[[ Listed entries, beginning ]]

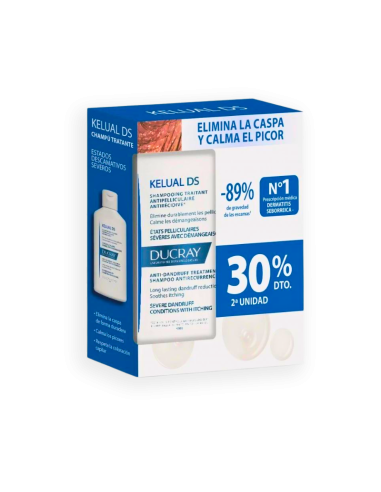 DUCRAY Duplo Kelual DS 100 ml + Elution 100 ml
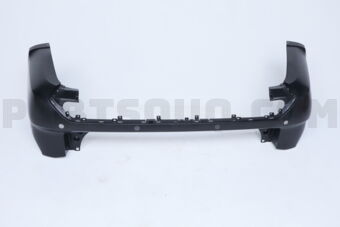 6410D934 Mitsubishi FACE,RR BUMPER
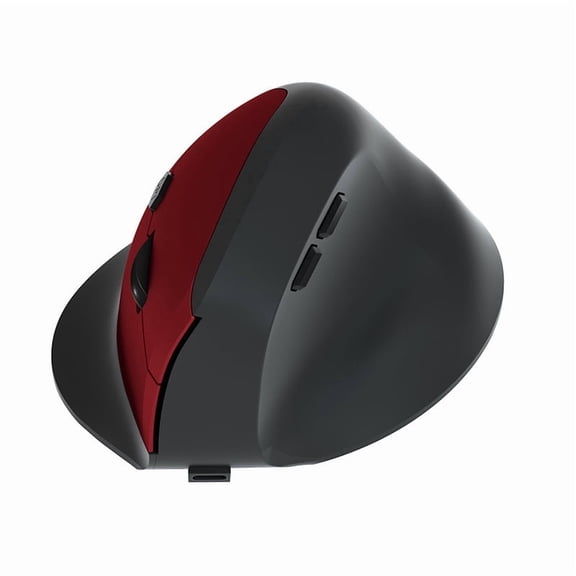 Wireless vertical mouse with ergonomic design for charging, wireless Bluetooth gaming, silent vertical mouse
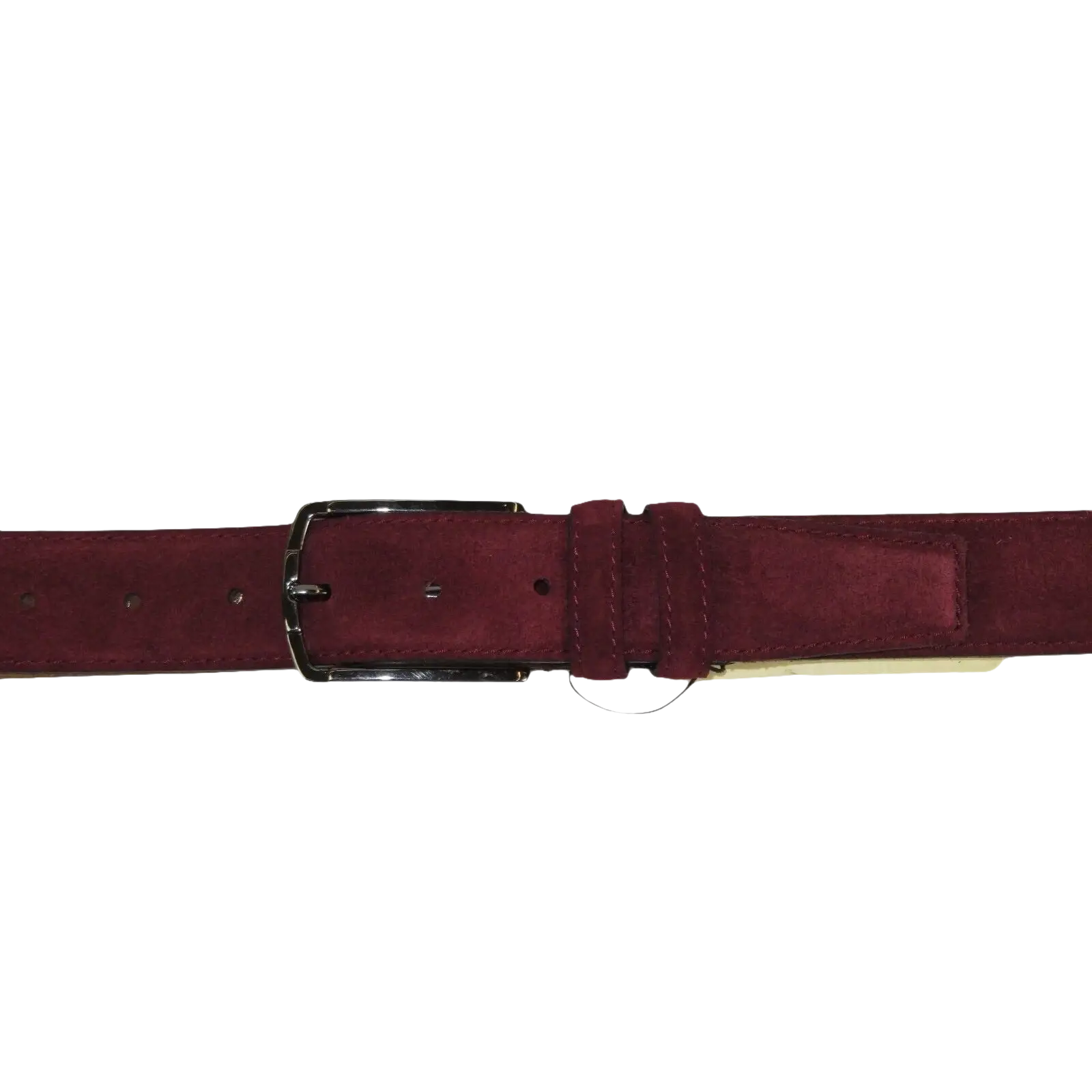 Mens Burgundy Genuine Suede Soft Leather Belt PIERO ROSSI Turkey # Burgundy - C - J.Valintin Men's Wear Legend - 97189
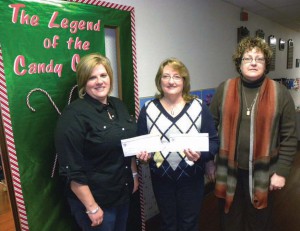 Money Raised to Benefit St. Mary School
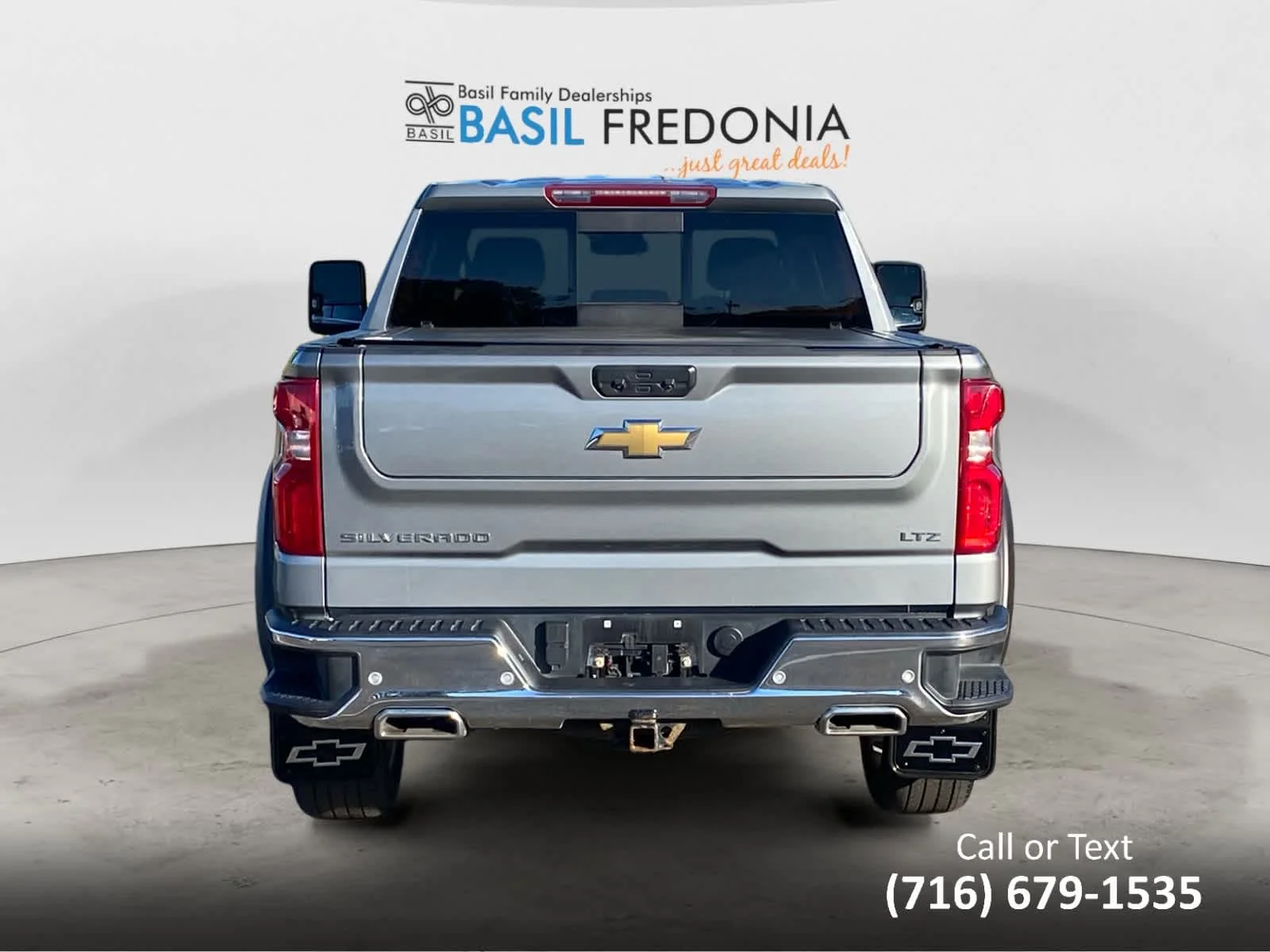 Used 2024 Sterling Gray Metallic Chevrolet LTZ image 8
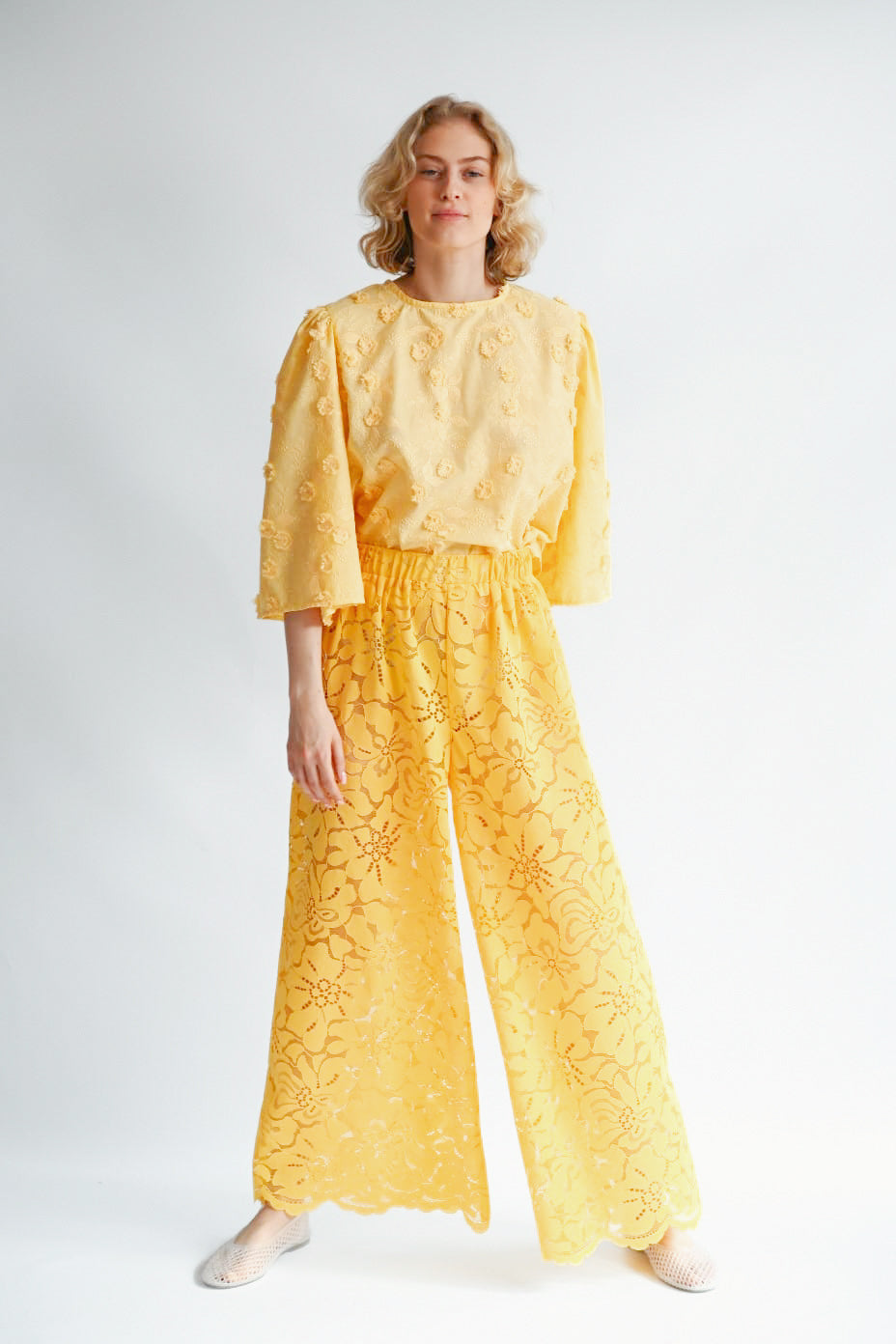 Taylor Spodnie Yellow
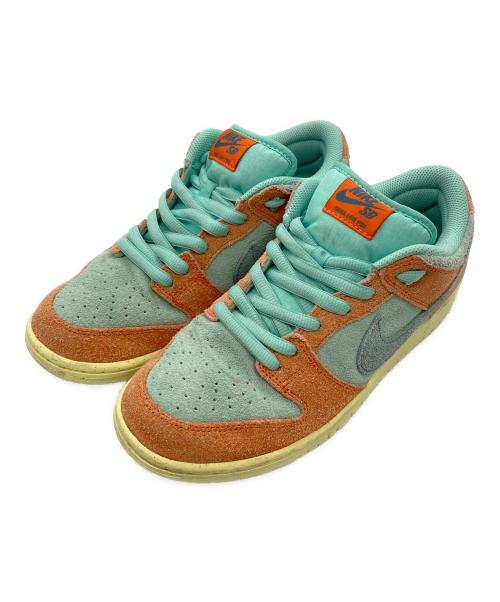 NIKE SB（ナイキエスビー）NIKE SB (ナイキエスビー) SB DUNK LOW PRO PRM グリーン サイズ:２６ｃｍの古着・服飾アイテム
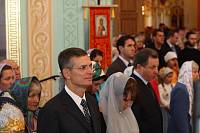 Великое освящение Троицкого храма в&nbsp;Шарапово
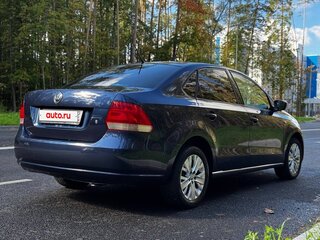 2014 Volkswagen Polo V, синий, 760000 рублей, вид 3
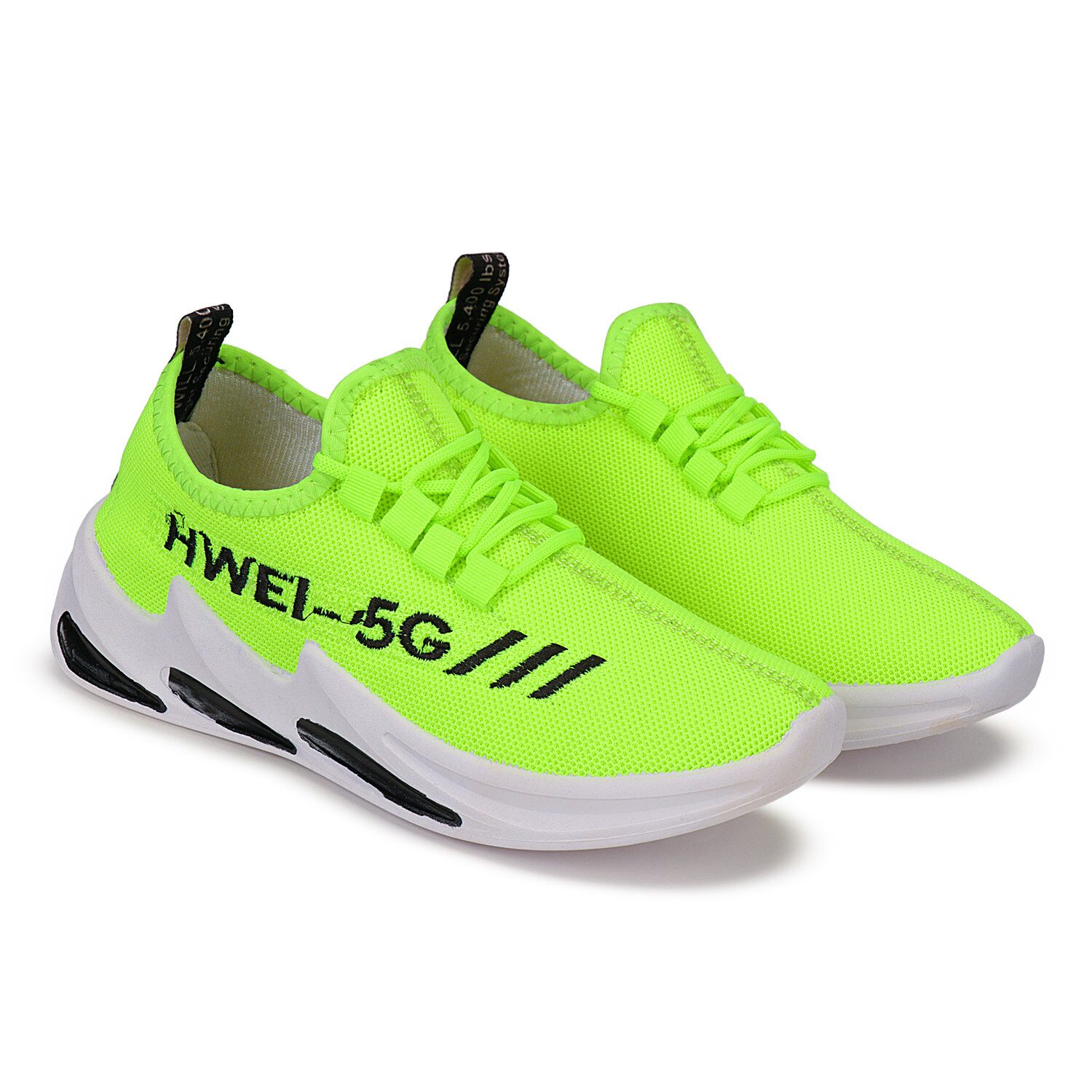 

KINAX Men sports shoes Running Shoes ( Green )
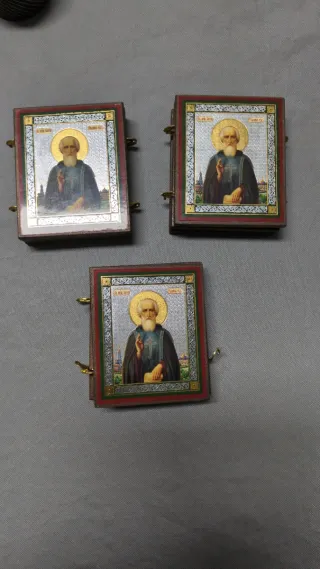 Iconos Religiosos  Rusos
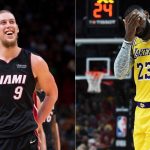 Kelly Olynyk guarding LeBron James: Zach Lowe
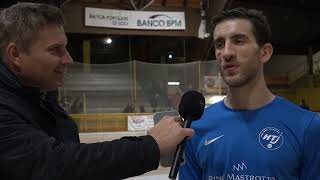 Serie A1  G9  Intervista Andrea Malagoli Hockey Trissino [upl. by Gnem]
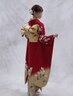 成人式前撮り撮影 着付けヘアセット スタジオ撮影プラン ¥66000 →¥47850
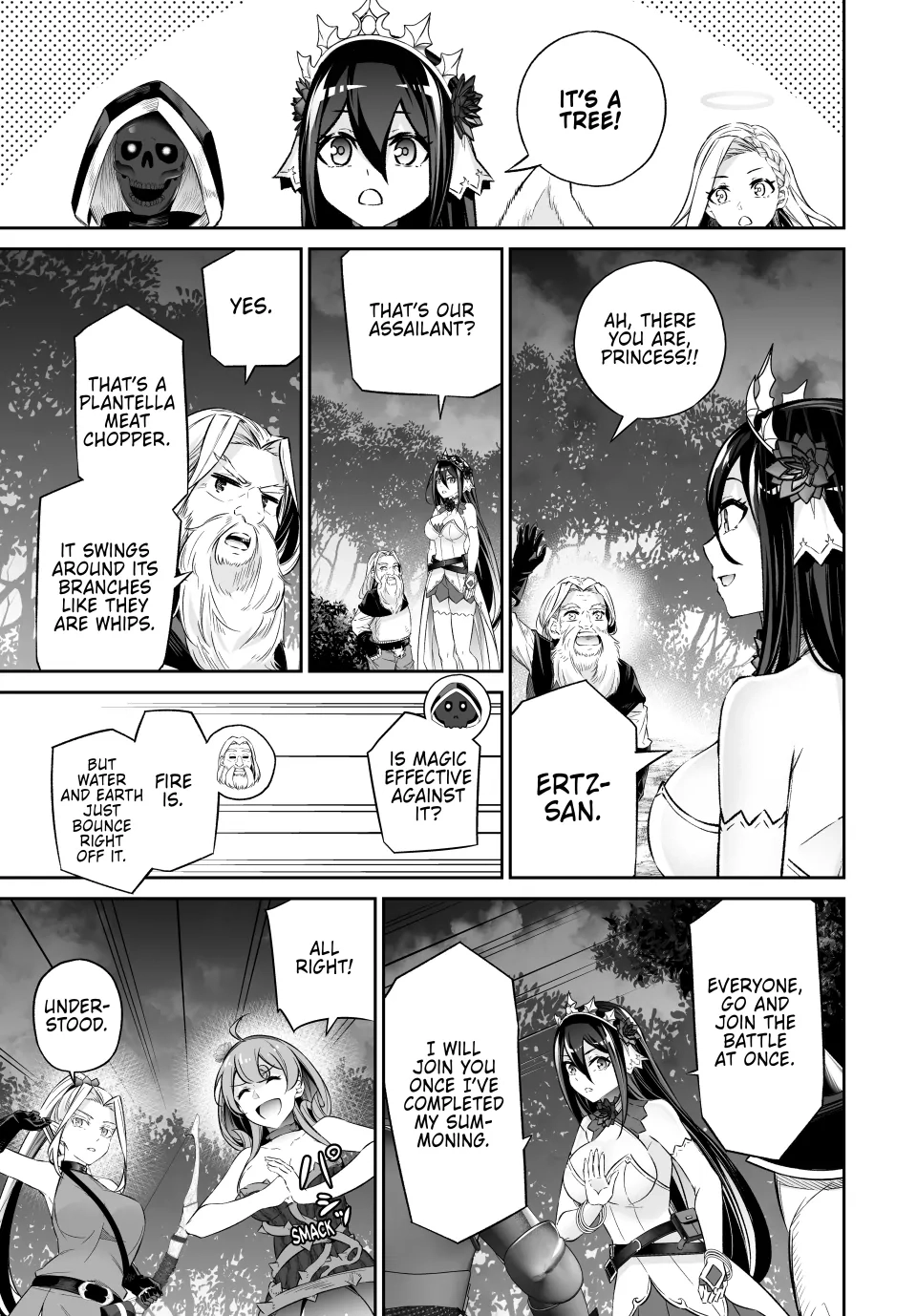 Jingai Hime Sama, Hajimemashita - Free Life Fantasy Online Chapter 50 page 23 - 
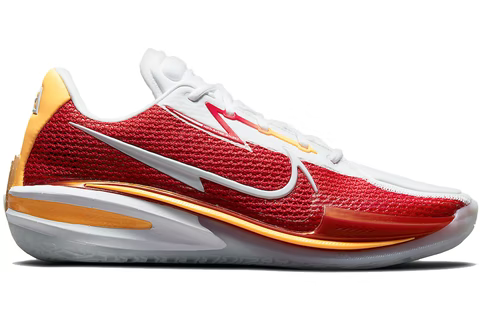 Nike Air Zoom G.T. Cut University Red White Yellow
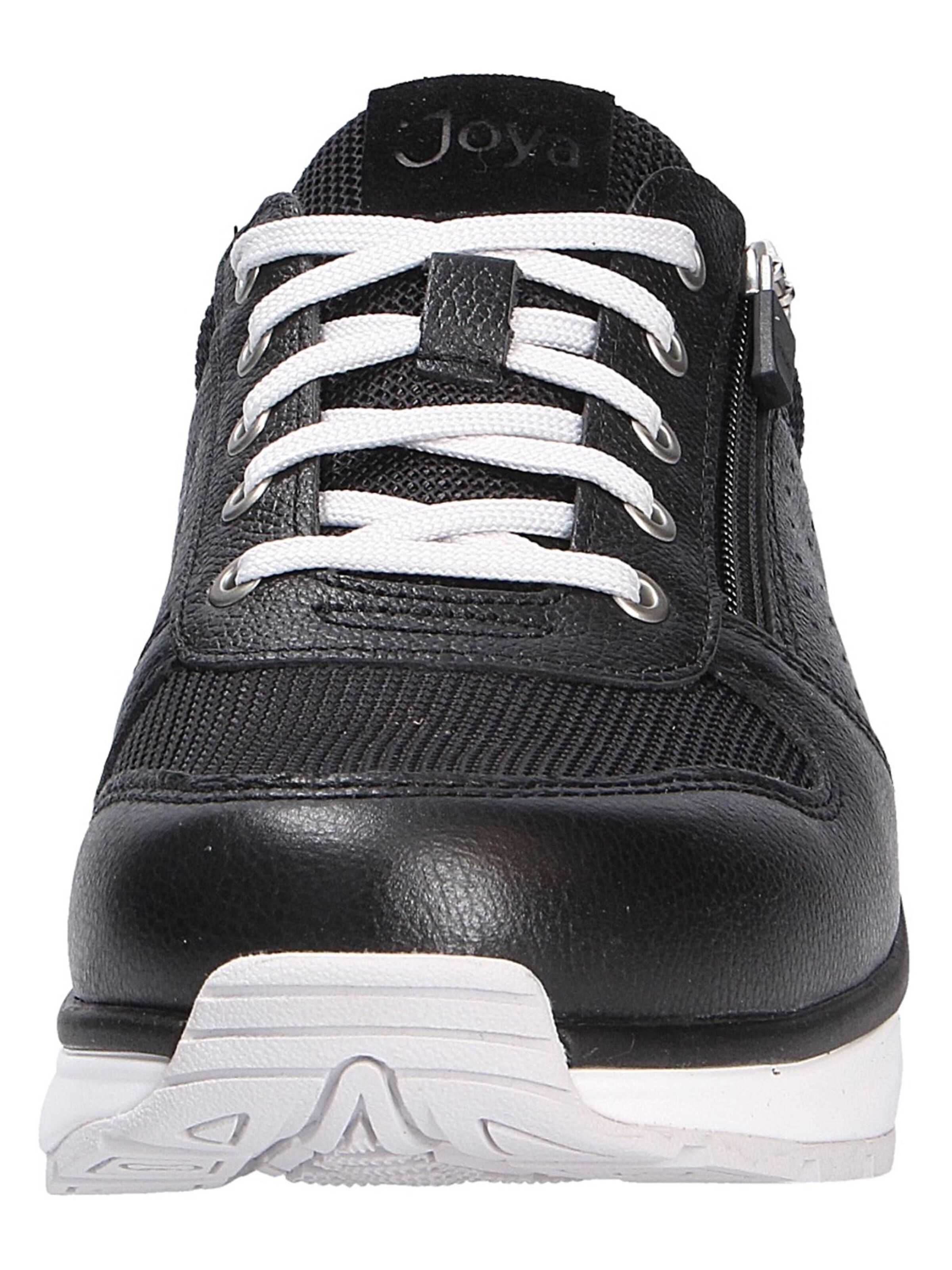 Joya Schnürschuh 'DYNAMO ZIP W BLACK'‌‌‌‌‌‌ in Schwarz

[[ Listed entries, end ]]

■ **How to complete this task**
An exact transcription is requested of each line from the one that holds "NIKE SB（ナイキエスビー）NIKE SB" to the end of the listing above, both boundary lines included; pictures are to be omitted.

■ **Answer section**
 NIKE SB（ナイキエスビー）NIKE SB (ナイキエスビー) SB DUNK LOW PRO PRM グリーン サイズ:２６ｃｍの古着・服飾アイテム
 Великое освящение Троицкого храма в&nbsp;Шарапово
 2014 Volkswagen Polo V, синий, 760000 рублей, вид 3

KINAX Men sports shoes Running Shoes ( Green )
 Iconos Religiosos  Rusos
 Kelly Olynyk guarding LeBron James: Zach Lowe
 Serie A1  G9  Intervista Andrea Malagoli Hockey Trissino [upl. by Gnem]
 成人式前撮り撮影 着付けヘアセット スタジオ撮影プラン ¥66000 →¥47850
 Jingai Hime Sama, Hajimemashita - Free Life Fantasy Online Chapter 50 page 23 - 
 Nike Air Zoom G.T. Cut University Red White Yellow
 Joya Schnürschuh 'DYNAMO ZIP W BLACK'‌‌‌‌‌‌ in Schwarz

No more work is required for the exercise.